For now, the ruling sets an important precedent: It allows law enforcement officials in the Fifth Circuit to chronicle the whereabouts of an American with a court order that falls short of a search warrant based on probable cause.

"This decision is a big deal," said Catherine Crump, a lawyer with the American Civil Liberties Union. "It's a big deal and a big blow to Americans' privacy rights."

Cellphone privacy measures have been proposed in the Senate and House that would require law enforcement agents to obtain search warrants before prying open location records. Montana recently became the first state to require a warrant for location data. Maine soon followed. California passed a similar measure last year but Gov. Jerry Brown, a Democrat, vetoed it, saying it did not strike what he called the right balance between the demands of civil libertarians and the police.
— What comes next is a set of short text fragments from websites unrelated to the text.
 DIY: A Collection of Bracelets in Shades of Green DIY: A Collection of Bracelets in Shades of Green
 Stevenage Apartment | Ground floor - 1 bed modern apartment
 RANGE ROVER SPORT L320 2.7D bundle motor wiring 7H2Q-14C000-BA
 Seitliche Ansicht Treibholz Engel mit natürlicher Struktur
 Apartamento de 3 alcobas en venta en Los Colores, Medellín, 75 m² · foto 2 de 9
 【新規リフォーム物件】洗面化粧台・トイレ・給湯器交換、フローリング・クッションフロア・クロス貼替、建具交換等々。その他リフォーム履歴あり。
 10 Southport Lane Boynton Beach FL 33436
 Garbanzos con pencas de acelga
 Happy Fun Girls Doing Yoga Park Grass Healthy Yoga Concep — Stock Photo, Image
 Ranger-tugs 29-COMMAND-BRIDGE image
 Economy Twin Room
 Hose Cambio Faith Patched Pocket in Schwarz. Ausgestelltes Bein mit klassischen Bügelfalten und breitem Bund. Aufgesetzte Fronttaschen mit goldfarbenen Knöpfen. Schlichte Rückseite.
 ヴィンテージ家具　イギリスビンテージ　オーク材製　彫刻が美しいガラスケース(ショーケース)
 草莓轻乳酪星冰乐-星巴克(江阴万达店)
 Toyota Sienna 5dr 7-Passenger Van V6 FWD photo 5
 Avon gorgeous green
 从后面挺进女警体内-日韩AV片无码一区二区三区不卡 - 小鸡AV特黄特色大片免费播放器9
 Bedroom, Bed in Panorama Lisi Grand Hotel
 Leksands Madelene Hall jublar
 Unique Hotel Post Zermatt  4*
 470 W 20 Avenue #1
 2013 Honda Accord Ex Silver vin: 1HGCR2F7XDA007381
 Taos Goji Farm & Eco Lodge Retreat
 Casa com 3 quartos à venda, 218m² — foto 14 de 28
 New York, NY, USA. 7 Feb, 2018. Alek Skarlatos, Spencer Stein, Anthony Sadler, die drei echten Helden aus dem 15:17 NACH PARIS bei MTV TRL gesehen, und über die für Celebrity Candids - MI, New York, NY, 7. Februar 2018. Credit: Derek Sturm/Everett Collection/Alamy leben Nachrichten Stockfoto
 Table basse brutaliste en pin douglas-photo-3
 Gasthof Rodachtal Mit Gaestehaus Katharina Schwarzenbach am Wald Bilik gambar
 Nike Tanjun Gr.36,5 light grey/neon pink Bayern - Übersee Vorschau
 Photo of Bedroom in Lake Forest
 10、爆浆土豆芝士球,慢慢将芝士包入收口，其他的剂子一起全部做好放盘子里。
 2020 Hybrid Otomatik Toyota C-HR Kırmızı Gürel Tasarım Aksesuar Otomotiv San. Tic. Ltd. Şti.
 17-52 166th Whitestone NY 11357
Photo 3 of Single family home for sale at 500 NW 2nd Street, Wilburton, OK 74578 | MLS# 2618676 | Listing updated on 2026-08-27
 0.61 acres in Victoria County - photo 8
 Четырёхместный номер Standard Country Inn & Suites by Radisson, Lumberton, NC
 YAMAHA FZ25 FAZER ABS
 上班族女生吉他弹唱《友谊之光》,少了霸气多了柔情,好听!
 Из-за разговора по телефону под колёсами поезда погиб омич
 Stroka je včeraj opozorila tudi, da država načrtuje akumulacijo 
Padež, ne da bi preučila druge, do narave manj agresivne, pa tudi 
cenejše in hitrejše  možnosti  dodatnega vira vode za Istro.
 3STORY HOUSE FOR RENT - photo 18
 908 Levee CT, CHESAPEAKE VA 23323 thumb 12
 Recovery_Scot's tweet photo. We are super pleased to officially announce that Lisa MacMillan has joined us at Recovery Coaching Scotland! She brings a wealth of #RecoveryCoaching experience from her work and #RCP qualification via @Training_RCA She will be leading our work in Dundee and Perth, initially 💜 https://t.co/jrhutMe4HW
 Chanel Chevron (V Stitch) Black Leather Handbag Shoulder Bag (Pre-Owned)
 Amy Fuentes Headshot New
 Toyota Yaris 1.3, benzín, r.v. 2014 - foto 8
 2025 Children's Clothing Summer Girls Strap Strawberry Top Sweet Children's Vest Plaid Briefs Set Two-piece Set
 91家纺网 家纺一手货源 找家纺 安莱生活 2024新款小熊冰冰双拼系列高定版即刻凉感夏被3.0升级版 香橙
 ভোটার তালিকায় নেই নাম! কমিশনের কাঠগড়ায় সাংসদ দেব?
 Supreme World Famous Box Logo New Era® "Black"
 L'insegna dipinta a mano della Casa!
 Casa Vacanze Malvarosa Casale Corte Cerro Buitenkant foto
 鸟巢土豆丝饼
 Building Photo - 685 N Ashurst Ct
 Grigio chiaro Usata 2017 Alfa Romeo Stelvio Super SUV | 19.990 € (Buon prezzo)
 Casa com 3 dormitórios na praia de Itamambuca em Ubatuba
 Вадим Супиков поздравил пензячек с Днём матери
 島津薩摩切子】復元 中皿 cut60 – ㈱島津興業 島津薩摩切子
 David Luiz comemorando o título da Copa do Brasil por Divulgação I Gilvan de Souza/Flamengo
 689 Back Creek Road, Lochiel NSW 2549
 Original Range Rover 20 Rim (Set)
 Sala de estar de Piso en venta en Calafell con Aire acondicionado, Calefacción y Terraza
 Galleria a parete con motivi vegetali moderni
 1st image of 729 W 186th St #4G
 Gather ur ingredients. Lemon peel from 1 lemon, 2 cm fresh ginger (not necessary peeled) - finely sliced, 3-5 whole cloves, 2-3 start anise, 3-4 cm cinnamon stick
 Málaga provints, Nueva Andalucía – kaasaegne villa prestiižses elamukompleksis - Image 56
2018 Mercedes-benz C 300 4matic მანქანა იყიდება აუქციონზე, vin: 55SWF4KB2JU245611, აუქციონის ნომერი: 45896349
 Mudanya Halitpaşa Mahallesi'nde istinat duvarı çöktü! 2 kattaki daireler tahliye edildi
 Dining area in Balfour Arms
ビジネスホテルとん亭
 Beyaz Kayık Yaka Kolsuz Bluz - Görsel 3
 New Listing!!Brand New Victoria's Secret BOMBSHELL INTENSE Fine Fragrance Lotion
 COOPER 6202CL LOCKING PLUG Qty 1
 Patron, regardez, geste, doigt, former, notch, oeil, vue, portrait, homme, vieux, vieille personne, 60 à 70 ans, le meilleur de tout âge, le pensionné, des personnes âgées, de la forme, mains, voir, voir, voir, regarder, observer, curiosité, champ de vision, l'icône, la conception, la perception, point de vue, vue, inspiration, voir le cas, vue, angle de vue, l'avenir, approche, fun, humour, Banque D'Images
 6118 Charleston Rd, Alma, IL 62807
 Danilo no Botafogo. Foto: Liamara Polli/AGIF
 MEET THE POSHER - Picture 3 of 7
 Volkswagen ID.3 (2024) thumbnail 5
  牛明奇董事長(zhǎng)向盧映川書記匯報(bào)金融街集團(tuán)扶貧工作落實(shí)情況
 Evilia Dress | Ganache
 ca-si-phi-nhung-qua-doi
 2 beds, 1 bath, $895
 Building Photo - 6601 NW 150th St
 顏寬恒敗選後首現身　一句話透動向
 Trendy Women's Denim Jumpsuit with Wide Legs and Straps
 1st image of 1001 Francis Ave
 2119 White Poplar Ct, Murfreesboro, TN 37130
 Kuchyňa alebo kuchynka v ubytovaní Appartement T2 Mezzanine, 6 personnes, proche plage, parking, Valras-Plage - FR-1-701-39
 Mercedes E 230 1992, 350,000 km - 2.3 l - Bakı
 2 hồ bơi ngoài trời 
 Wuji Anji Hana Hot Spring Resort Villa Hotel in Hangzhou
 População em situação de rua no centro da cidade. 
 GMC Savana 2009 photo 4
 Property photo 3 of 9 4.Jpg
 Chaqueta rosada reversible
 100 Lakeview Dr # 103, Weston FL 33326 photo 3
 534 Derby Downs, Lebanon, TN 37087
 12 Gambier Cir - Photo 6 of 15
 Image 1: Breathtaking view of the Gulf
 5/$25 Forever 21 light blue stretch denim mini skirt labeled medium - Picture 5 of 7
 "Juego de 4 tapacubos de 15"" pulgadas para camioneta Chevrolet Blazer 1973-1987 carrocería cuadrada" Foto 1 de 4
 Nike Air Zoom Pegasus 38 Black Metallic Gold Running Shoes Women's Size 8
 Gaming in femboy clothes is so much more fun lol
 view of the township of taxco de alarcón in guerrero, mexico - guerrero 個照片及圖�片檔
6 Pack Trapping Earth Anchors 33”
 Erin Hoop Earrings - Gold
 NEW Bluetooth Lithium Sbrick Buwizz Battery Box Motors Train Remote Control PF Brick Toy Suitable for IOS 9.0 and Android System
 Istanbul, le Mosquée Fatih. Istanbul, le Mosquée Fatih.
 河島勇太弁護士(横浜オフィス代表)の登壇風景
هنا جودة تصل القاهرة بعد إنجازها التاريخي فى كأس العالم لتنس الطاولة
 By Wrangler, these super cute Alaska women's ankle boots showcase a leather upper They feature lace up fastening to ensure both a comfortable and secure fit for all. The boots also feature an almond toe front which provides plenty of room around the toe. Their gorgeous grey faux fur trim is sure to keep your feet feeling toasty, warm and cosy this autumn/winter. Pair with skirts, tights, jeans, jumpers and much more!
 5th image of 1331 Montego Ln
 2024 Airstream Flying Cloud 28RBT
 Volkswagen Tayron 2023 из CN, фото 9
What Google Knows About You

Tyler Durden at Zerohedge has an interesting post What Google Knows About You.

It's safe to assume everything you have ever searched for, every address you looked up on Google, every email you sent, every chat message, every YouTube video you watched. It's also safe to assume every entry is time-stamped, so it's clear exactly, down to the minute, when all of this was done, and where you were at when you did it.

The data can and will be used against you, in many imaginable ways, and in some ways you may not have remotely conceived, such as how searching for pressure cookers may get you an unexpected call from the terrorist police.

My friend Pater Tenebrarum commented via email "The alleged 'separation of powers' is increasingly revealed as a sham - in the end, you have the government 'controlling' and 'limiting' itself."